Word for word, repeat the data that follows. Do not include the pictures.

• [SOURCE DATA]
*** Begin section ***

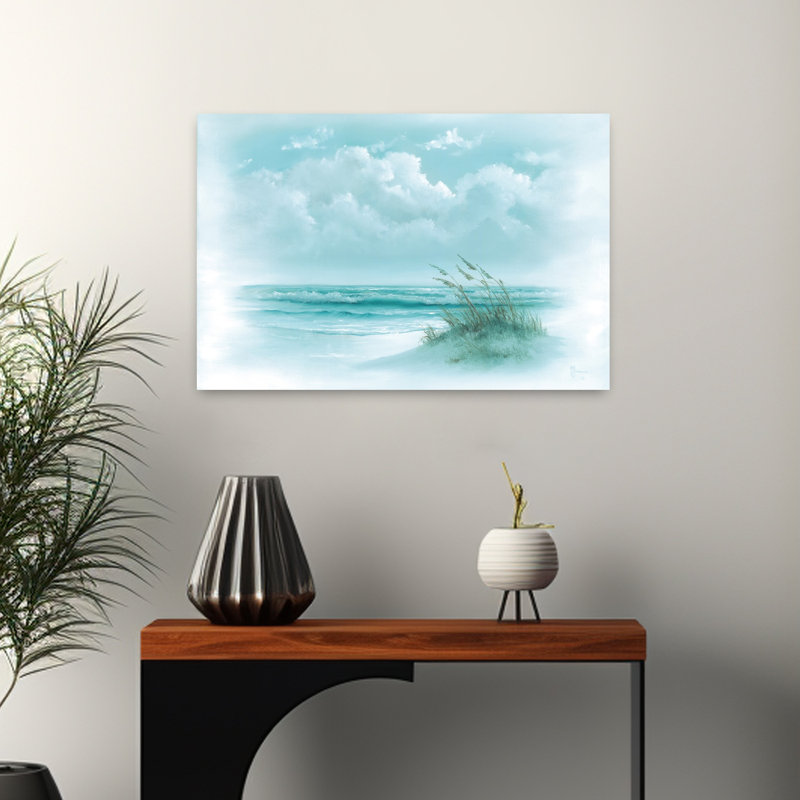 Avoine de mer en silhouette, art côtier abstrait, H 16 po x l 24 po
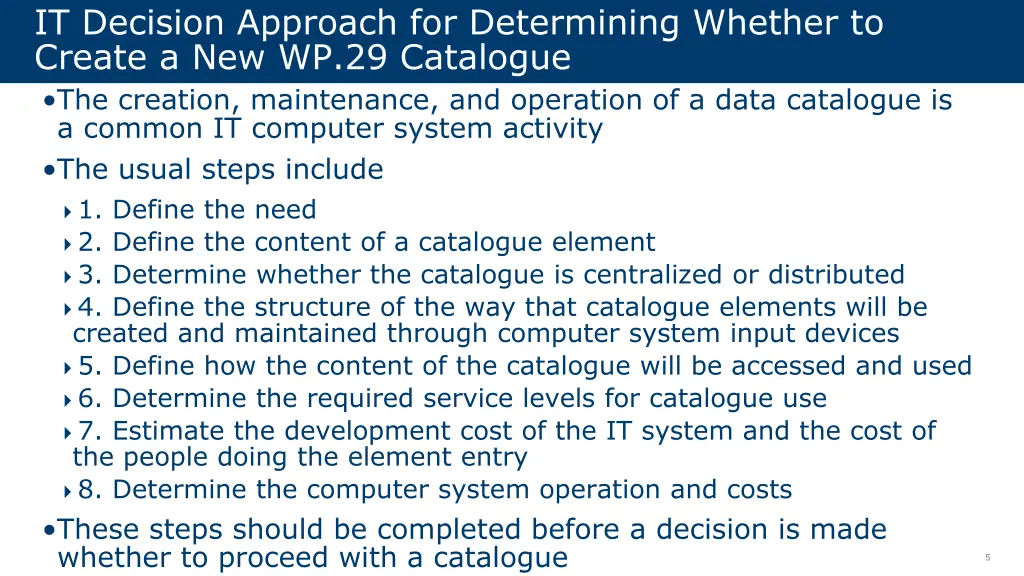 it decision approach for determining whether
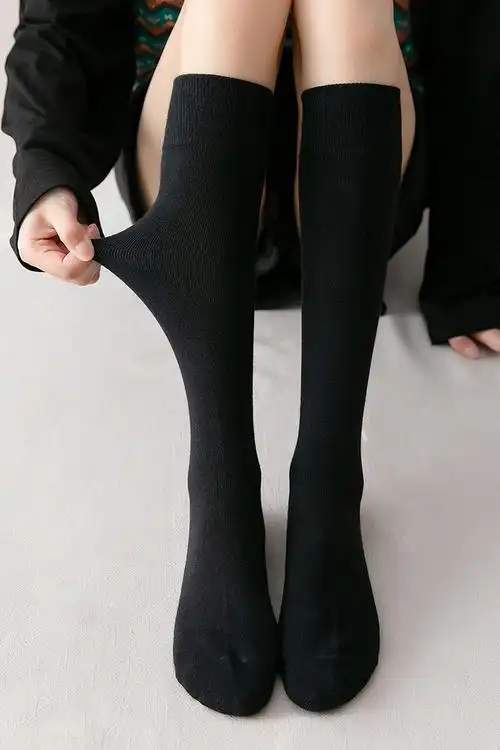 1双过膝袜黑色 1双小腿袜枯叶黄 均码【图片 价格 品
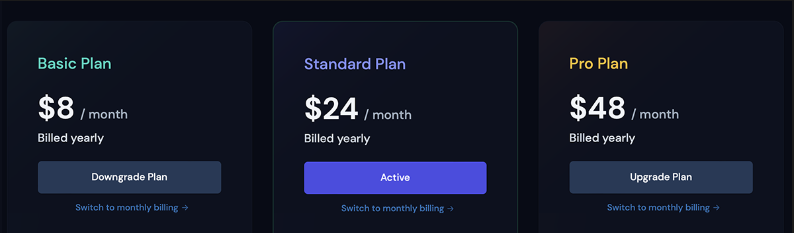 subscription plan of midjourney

*** End section ***

• [THE ANSWER]
 Avoine de mer en silhouette, art côtier abstrait, H 16 po x l 24 po
 it decision approach for determining whether
 1双过膝袜黑色 1双小腿袜枯叶黄 均码【图片 价格 品
 subscription plan of midjourney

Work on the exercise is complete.